I have been working on video transcoding recently for my organization’s video processing pipeline and for transcoding purposes I have been using FFmpeg. Most of our videos are user-generated content and for some of them while transcoding I am receiving the following error/warning message from FFmpeg: Application provided invalid, non-monotonically increasing dts to muxer in the stream.
What does this message mean and how can I avoid it?
To understand this warning, we need to understand what are DTS and PTS values first. When a player or software tries to decode and play the video, both audio and video streams have information about how fast and when you are supposed to play them inside of them. Audio streams have a sample rate, and video streams have a frame-per-second value. However, if we simply synced the video by counting frames and multiplying by frame rate, there is a chance that it will go out of sync with the audio.
Let’s explore the ideas behind PTS (Presentation Timestamp) and DTS (Decoding Timestamp) and how important they are to video playback. Comprehending these timestamps is essential to understanding the alert and guaranteeing that transcoding and video playing function properly.
1. Identifying PTS and DTS
Two important timestamps connected to video frames are the DTS (Decoding Timestamp) and PTS (Presentation Timestamp). They are essential in guaranteeing that the audio and video streams are correctly synced when being played back.
DTS helps video decoders preserve the proper frame order by indicating when a video frame has to be decoded. PTS allows for synchronized playing of audio and video by defining when a frame should be shown to the viewer.
2. Video and Audio Syncing
Maintaining synchronization between the audio and visual streams is essential for a flawless viewing experience. This implies that the timeline of the movie must be followed, with audio and video frames displayed simultaneously.
But there’s a chance that the sample rate of audio and the frame rate of video won’t always coincide. Counting frames and multiplying the result by the frame rate alone may eventually cause synchronization problems. This problem is solved with DTS and PTS.
3. DTS and PTS’s Roles
The secret to having exact control over when each audio and video frame is presented and decoded is to use PTS and DTS timestamps. They are essential for preserving synchronization while playing back.
While PTS directs the appropriate timing of the presentation of these frames to viewers, DTS helps the video decoder decide when to decode each video frame.
The decoding process may be hampered and video and audio synchronization problems may arise if the DTS values are not in a monotonically rising order. The presence of DTS values that deviate from the intended order is indicated by the warning message.
4. Managing DTS that isn’t monotonic
It is necessary to either adjust the DTS values or utilize the -fflags +genpts option in FFmpeg to resolve the warning message and guarantee seamless video transcoding and playback. With the use of this option, precise PTS values dependent on frame order can be generated.
When DTS and PTS values are aligned properly, audio and video stay synchronized, providing a smooth and error-free viewing experience.
Effective video processing and transcoding require an understanding of the roles played by DTS and PTS in video playback and synchronization, particularly when working with user-generated content. You may ensure the dependable operation of your video processing pipeline and the provision of top-notch material to your viewers by taking care of non-monotonic DTS values.
Decoding time stamps (DTS) and presentation time stamps (PTS) are two possible features of packets from the stream. H.264 (AVC) and H.265 (HEVC) like codecs store a video in three kinds of frames: ’ I ’ frame, ‘ P ’ frame, and ‘ B ’ frame.
• I: frames contain a full image.
• P: frames depend upon previous I and P frames and are like diffs or deltas.
• B: frames are the same as P frames but depend upon information found in frames that are displayed both before and after them.

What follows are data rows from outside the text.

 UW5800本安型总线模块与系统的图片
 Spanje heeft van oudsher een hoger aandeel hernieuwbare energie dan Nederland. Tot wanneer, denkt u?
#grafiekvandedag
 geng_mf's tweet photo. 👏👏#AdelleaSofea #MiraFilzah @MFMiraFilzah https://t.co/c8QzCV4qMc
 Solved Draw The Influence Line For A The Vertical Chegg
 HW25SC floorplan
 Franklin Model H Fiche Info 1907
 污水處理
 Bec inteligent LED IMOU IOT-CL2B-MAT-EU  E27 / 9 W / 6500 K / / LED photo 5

When B-frames are not used with transcoding, PTS and DTS are the same but the problem arises when B-frames are used. Usually, the decoded frame contains PTS and DTS information inside the packet but we need the PTS of our newly decoded raw frame, so we know when to display it.
This warning is thrown when FFmpeg finds the decode sequence timestamps associated with samples or frames are not increasing monotonically. Usually, FFmpeg takes care of these kinds of issues on its own.

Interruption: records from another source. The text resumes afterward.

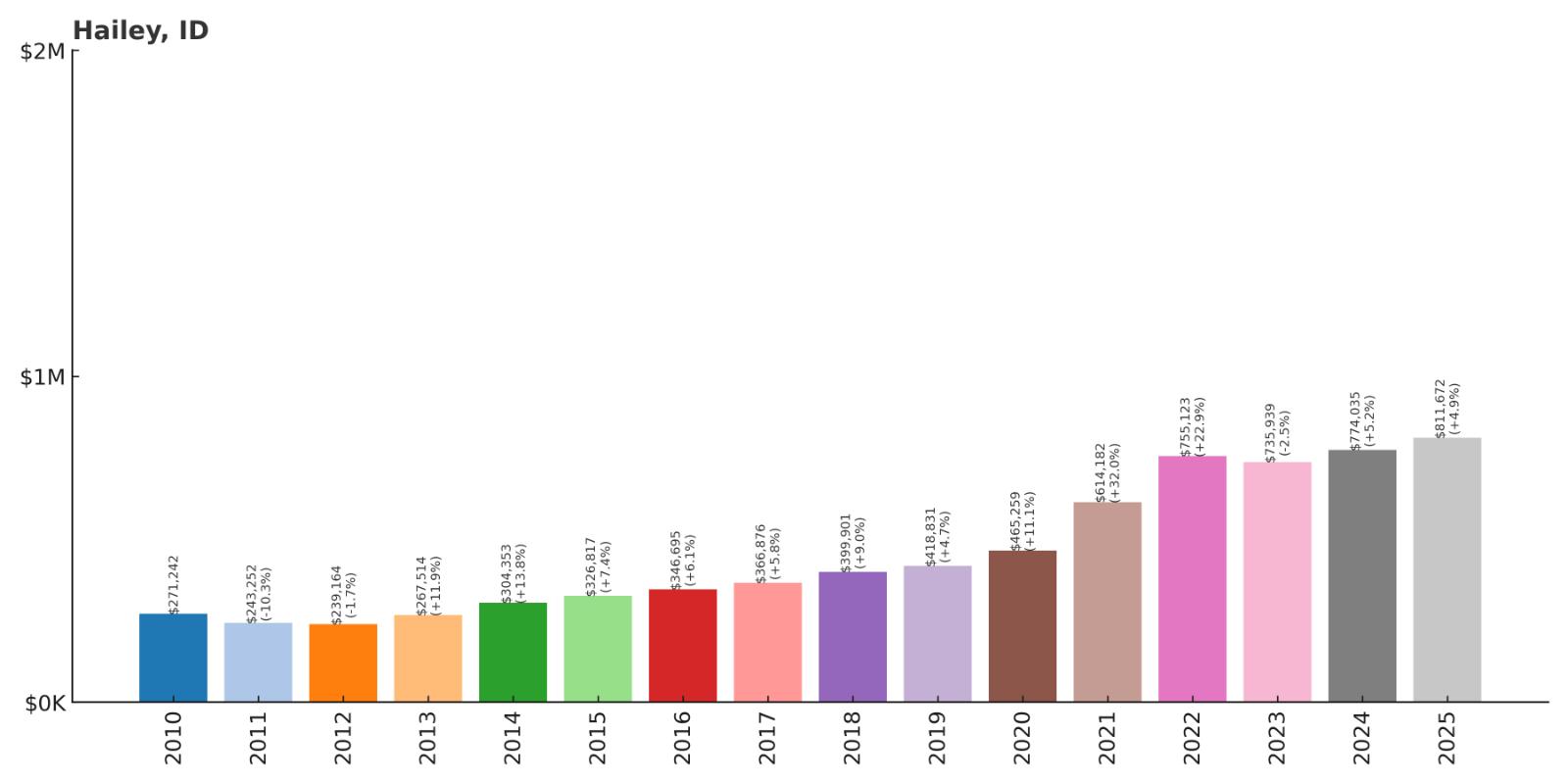 Hailey Home Price History Chart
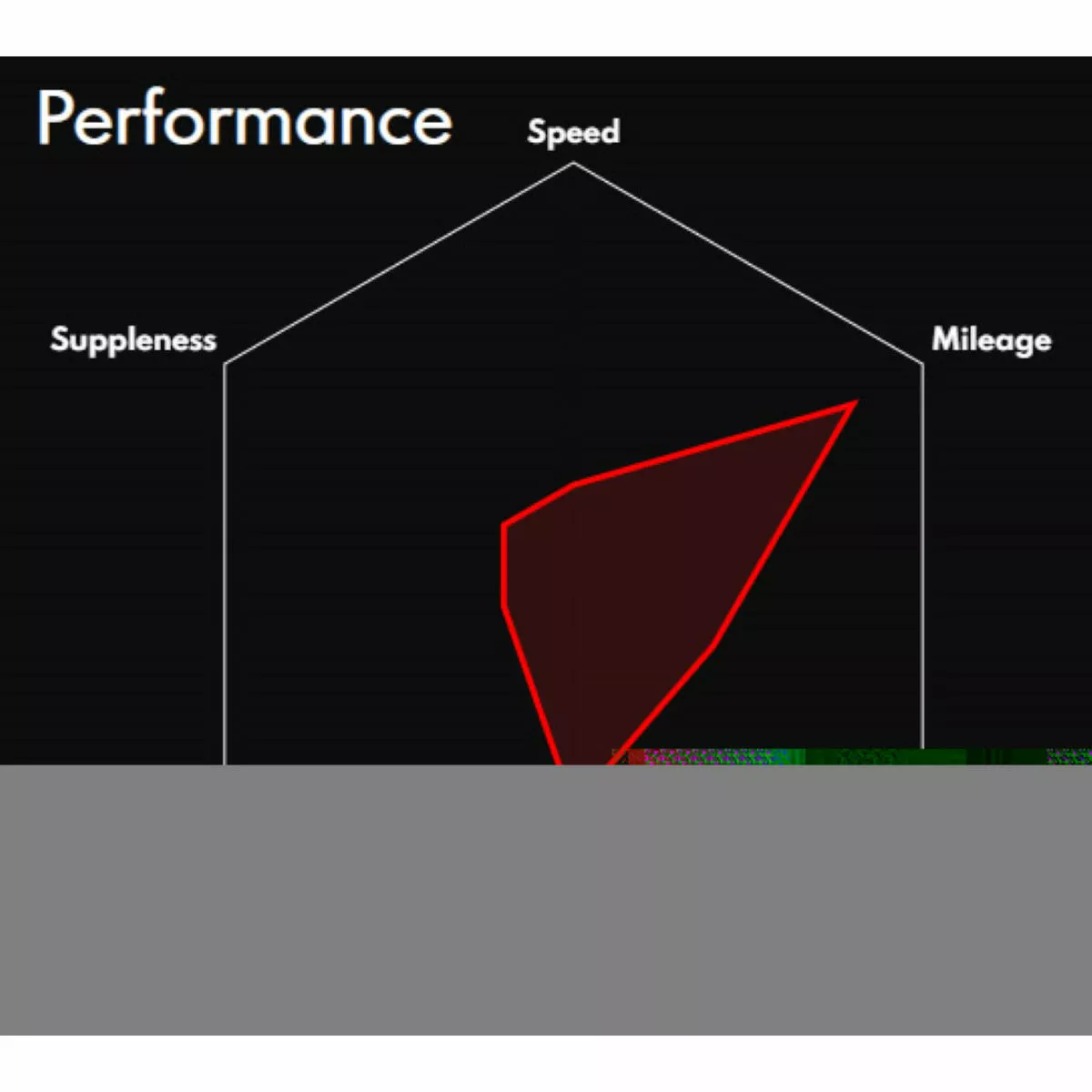 Vittoria Zaffiro Pro V G2.0 Road Tyre - Image 3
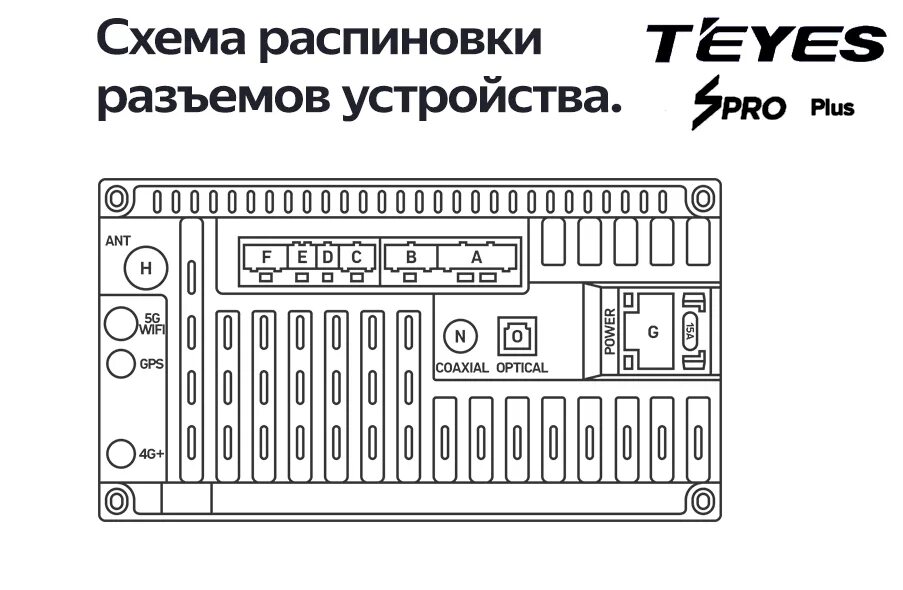 Teyes схема подключения проводов Схема распиновки разъемов Teyes SPro+ (Plus)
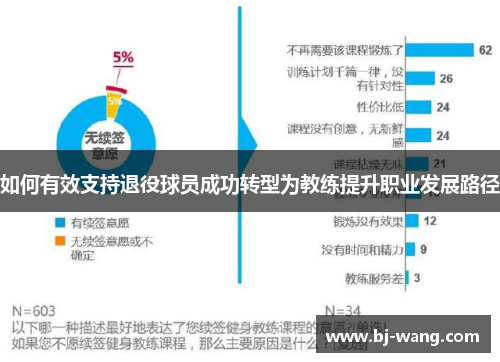 如何有效支持退役球员成功转型为教练提升职业发展路径 如何有效支持退役球员成功转型为教练提升职业发展路径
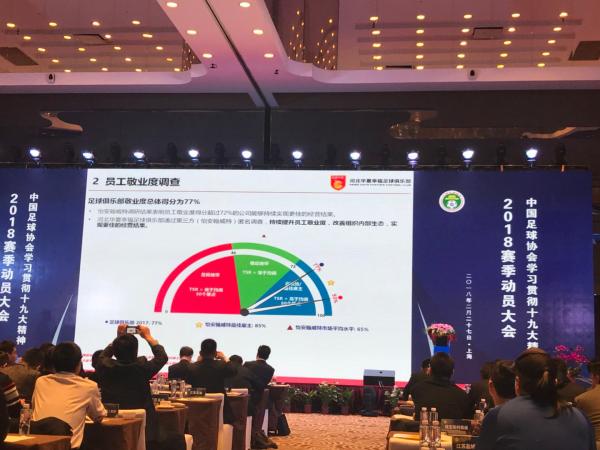 特写丨中超职业经理人：当年我为国足写下了“对不起”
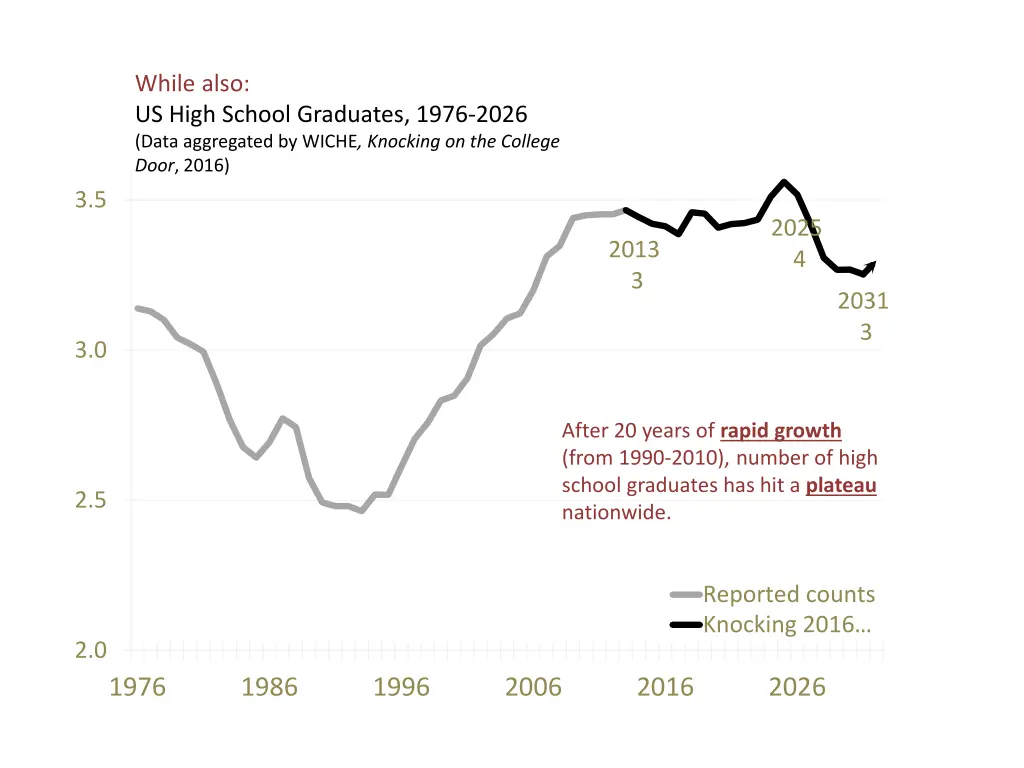 while also us high school graduates 1976 2026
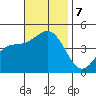 Los Angeles tide chart for Thursday, November 7, 2024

With the help of FFmpeg, you can also re-generate PTS for a video using -fflags genpts but usually, it does not solve the issue in my experience.
If your video plays fine then you should not worry about these kinds of warnings.
When playing back multimedia, non-monotonically increased DTS can result in a number of problems as follows:
Frames presented out of order may cause visual artifacts and a disorganized look.
Desynchronization of the audio and video signals can occur when frames are not presented in the correct sequence, causing a mismatch between the audio and the corresponding video frames.
To preserve synchronization, some multimedia players may occasionally lose frames, resulting in the loss of visual data.